Overview

Audio-2-Text is a serverless speech-to-text transcription pipeline built on Google Cloud Platform. The main element included in this pipeline is the Google Cloud Function code that is triggered by a Google Cloud Storage object change notification trigger.

Components

The pipeline is built on three components:

Google Cloud Storage
Google Cloud Functions
Google Cloud Speech API

This pipeline also takes advantage of two more GCP services in order to automate the build process and abstract configuration variables by setting them in environment variables:

Google Cloud Container Builder
Google Cloud Runtime Configurator

Build Process

For a first time build you would need to create a new runtime-config resource which is referenced below as ${CONFIG_NAME}.

gcloud beta runtime-config configs create ${CONFIG_NAME} --description ${DESCRIPTION}

Once created you will need to set up a Container Builder trigger using the build/cloudbuild.yaml declaration file. This file consists of a multi-step build process.

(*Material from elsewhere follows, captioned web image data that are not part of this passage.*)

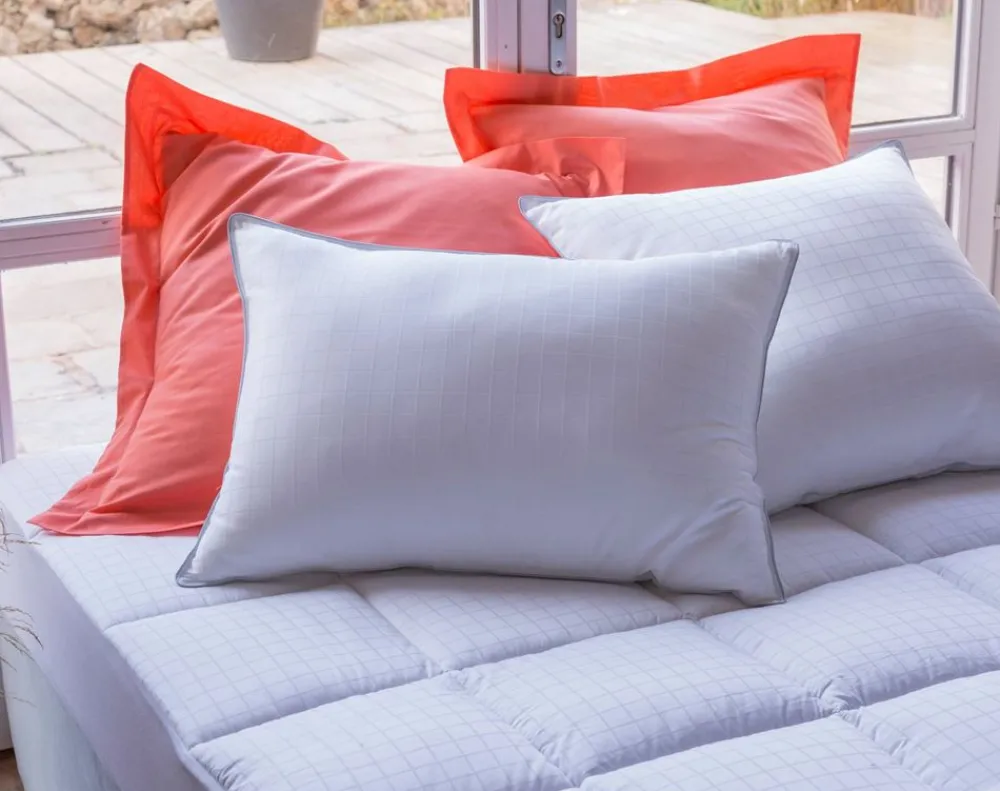 Becquet Housse Surmatelas Satin - Création - ANTI BACTÉRIEN - CONFORT HÔTELIER< Surmatelas|Les Matières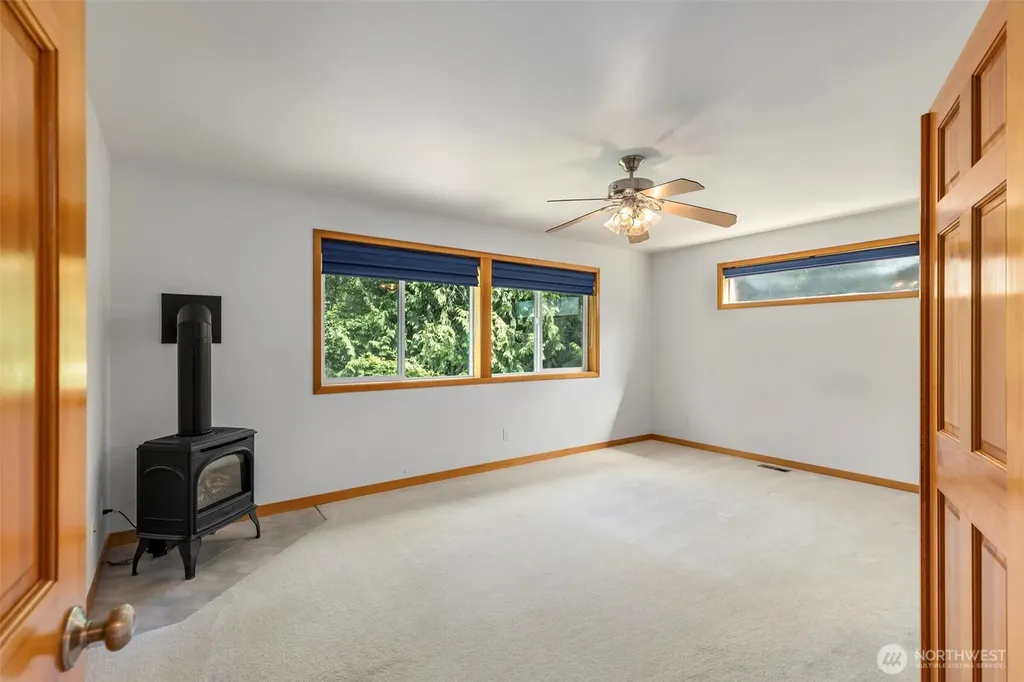 19144 Clear Creek Road NW Poulsbo WA 98370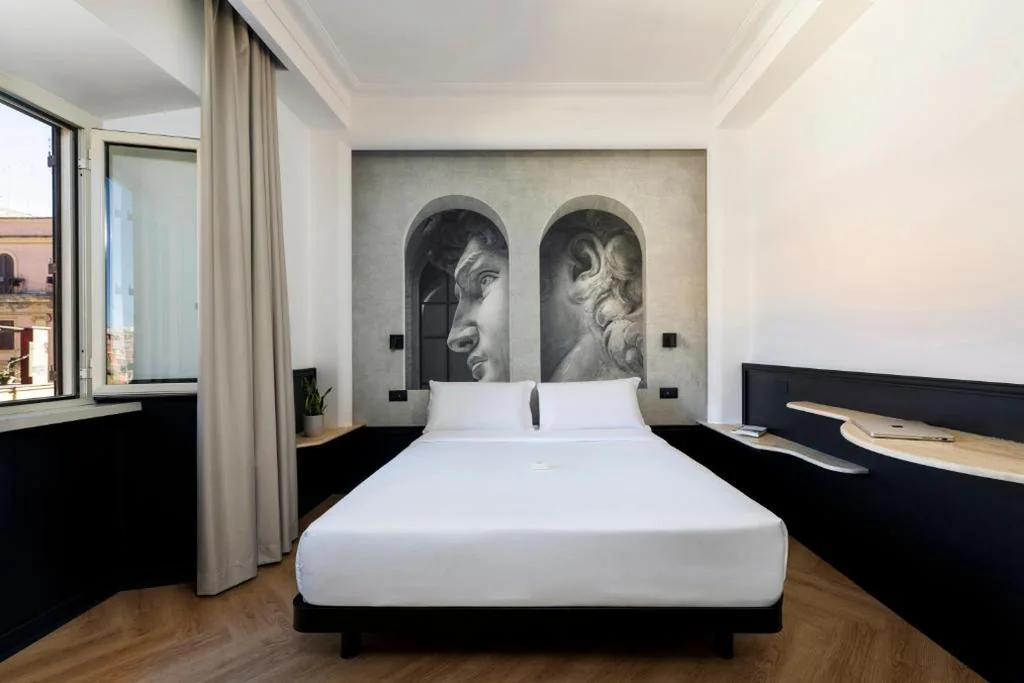 Camera Queen — Boutique Hotel Travé Rome City Centre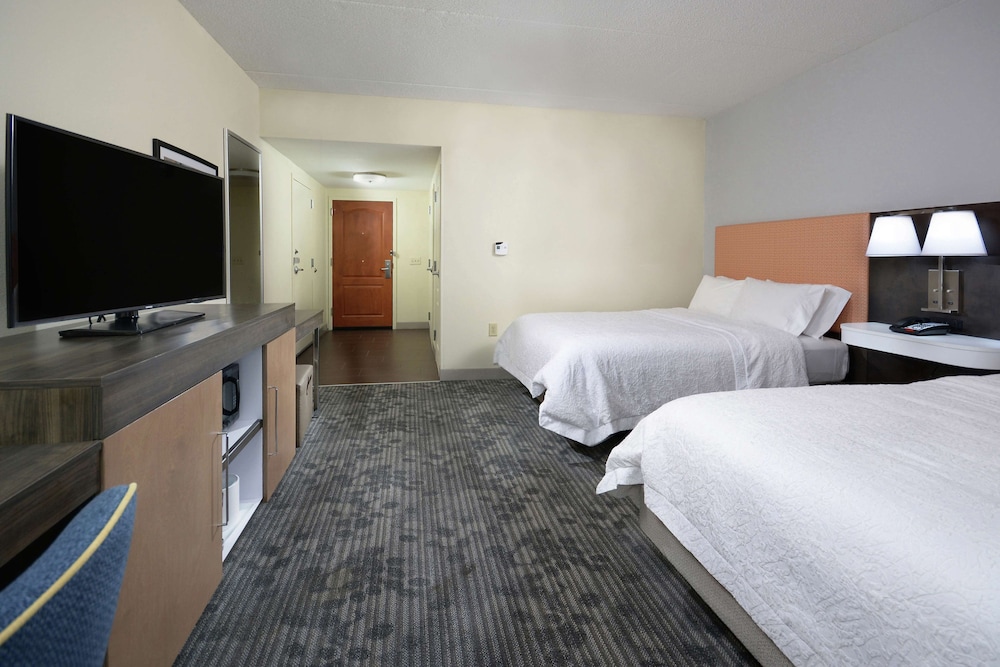 Hampton Inn & Suites Clinton I 26 - photo 11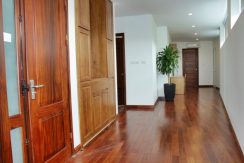 tay-ho-apartment-11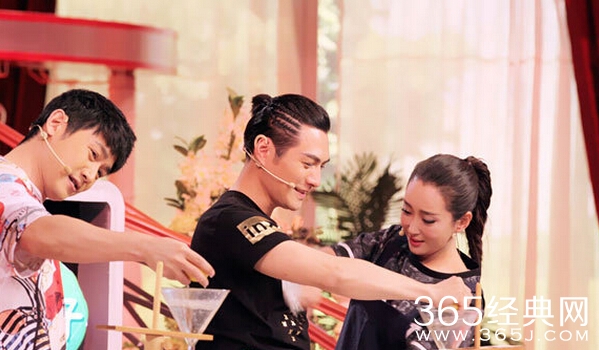 《为她而战》严屹宽杜若溪录制照曝光恩爱羡煞旁人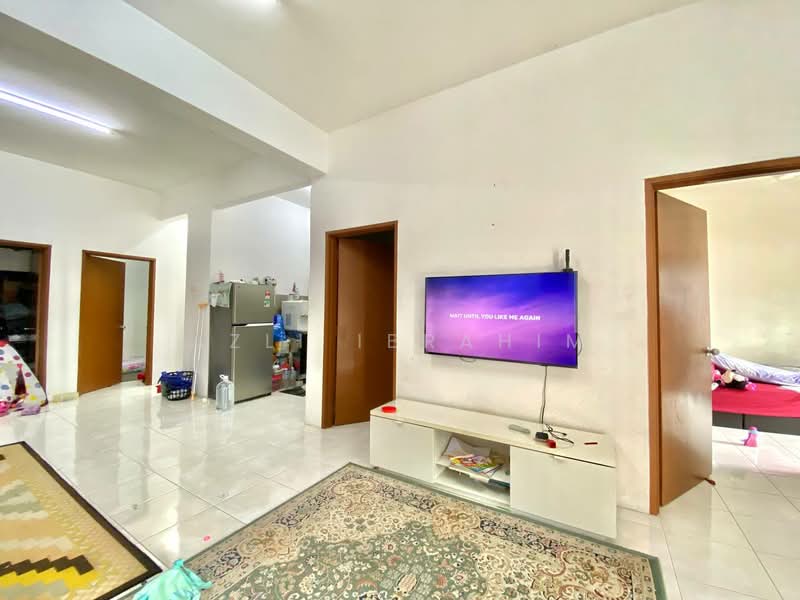 Apartment for Sale at Suria Residence - Azli Ibrahim - Living Room - PropertyGuru.com.my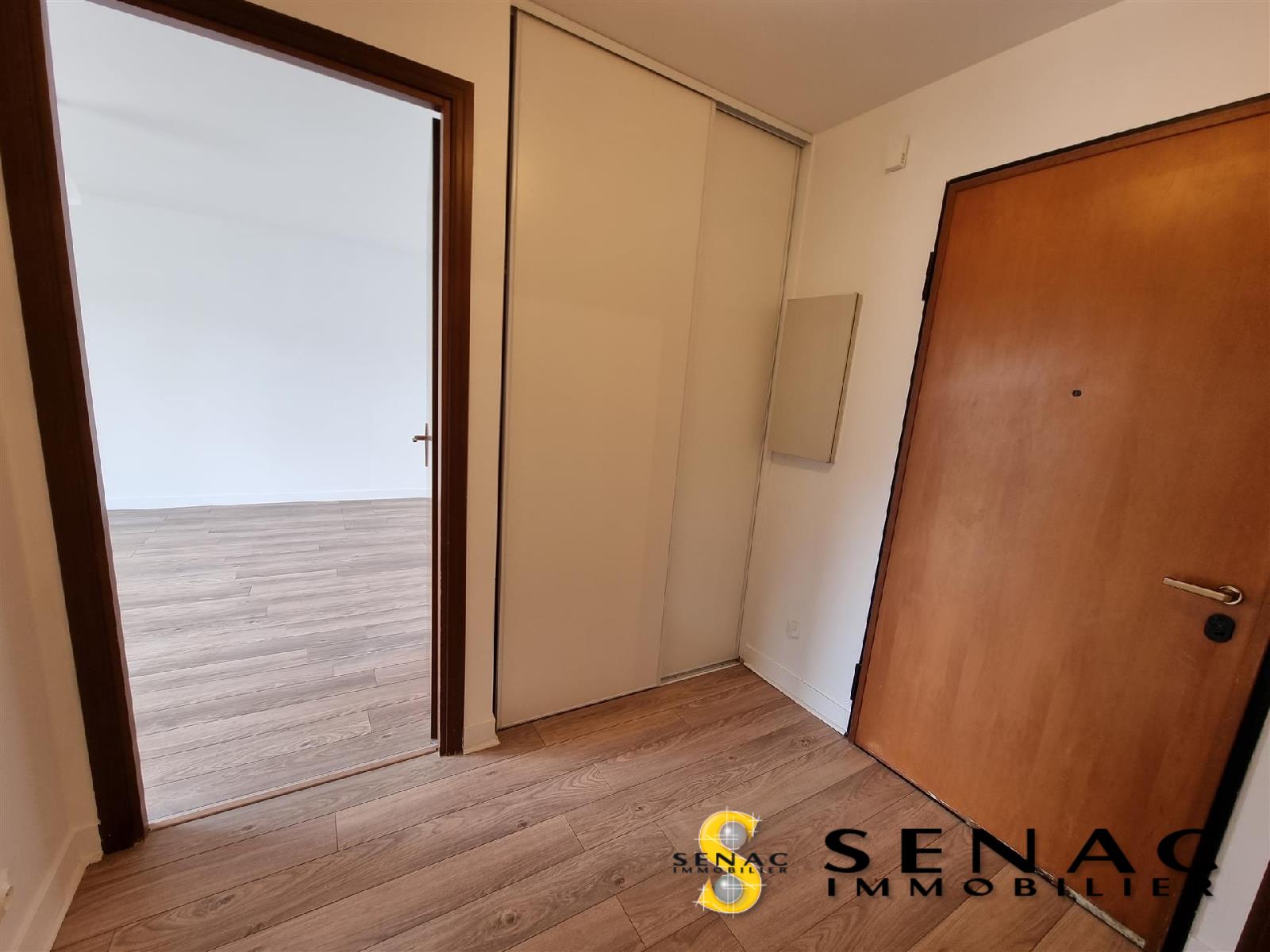 APPARTEMENT - ST LEU LA FORET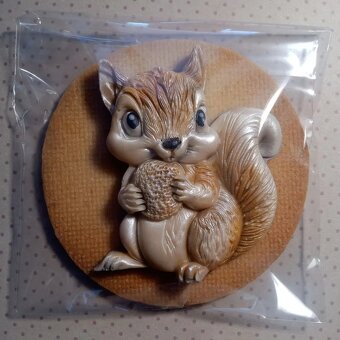 Ručné vyrábané čokolády lepené na maslovéj sušienke - 18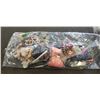 Image 2 : LARGE ASSORTMENT OF KEYCHAINS, AND BAG OF AIRPOD PROTECTIVE CASES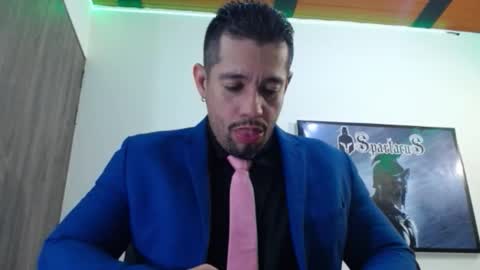     online show from November 2025 05:55:01 AM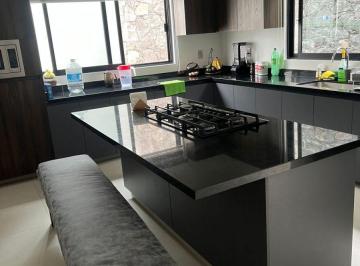Casa en condominio de 4 habitaciones, El Marqués · Renta Casa Amueblada en Zibata de Autor Muy Amplia con 4ta. Recamara en Planta Baja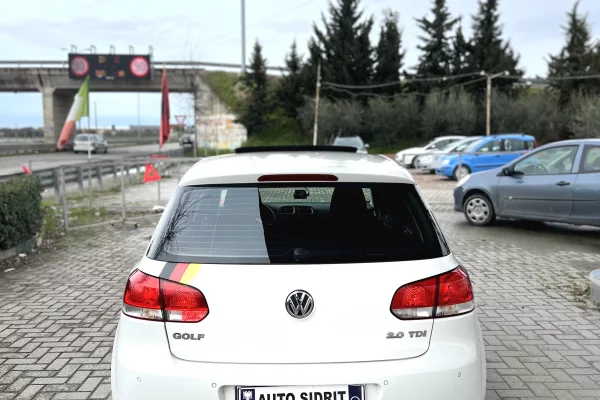 Cars for sale in Kavaja, Volkswagen, 2012 Diesel,Kambio Automatik Payment 6,500  Euro.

Set the environment variable AUDIO_BUCKET to the name of the GCS bucket where audio files will be uploaded.
Set the environment variable TEXT_BUCKET to the name of the GCS bucket where the Cloud Function will upload text files.
Deploy the Cloud Function

These are the substitutions that you must set in your build trigger

_AUDIO_BUCKET: The bucket where audio files will be uploaded
_TEXT_BUCKET: The bucket where the Cloud Function will upload text files
_CONFIG_NAME: The name of the runtime-config resource created above
_FUNC_NAME: The name of the Cloud Function
_STAGE_BUCKET: The staging bucket for the Cloud Function

N.B. The Cloud Function's service account needs object creator permissions on _TEXT_BUCKET.

Workflow

The workflow is as follows:

Upload an audio file you want transcribed to the monitored Cloud Storage bucket
The upload of an object triggers an object change notification, which triggers a Cloud Function
The Cloud Function reads the uploaded file and makes an API call to the Cloud Speech API, referencing the audio file in the Cloud Storage bucket
Once finished processing, the Cloud Speech API returns a text file to the Cloud Function
The Cloud Function writes the text file to another bucket that isn't being monitored

Caveat

Currently, the Cloud Function is hard-coded to only accept audio files with the following specifications:

Format: FLAC
Frequency: 44,100 Hz
Channels: Mono (this is a Cloud Speech API requirement)
Language: English (US)

Deployment

Once that's done, all you need to do is upload an audio file to the monitored bucket, and follow the logs in your GCP console to see the status of the transcription. Once the Cloud Speech API service completes transcribing the file you should find a file in the text bucket with the same name as your original audio file, with a 'txt' extension instead.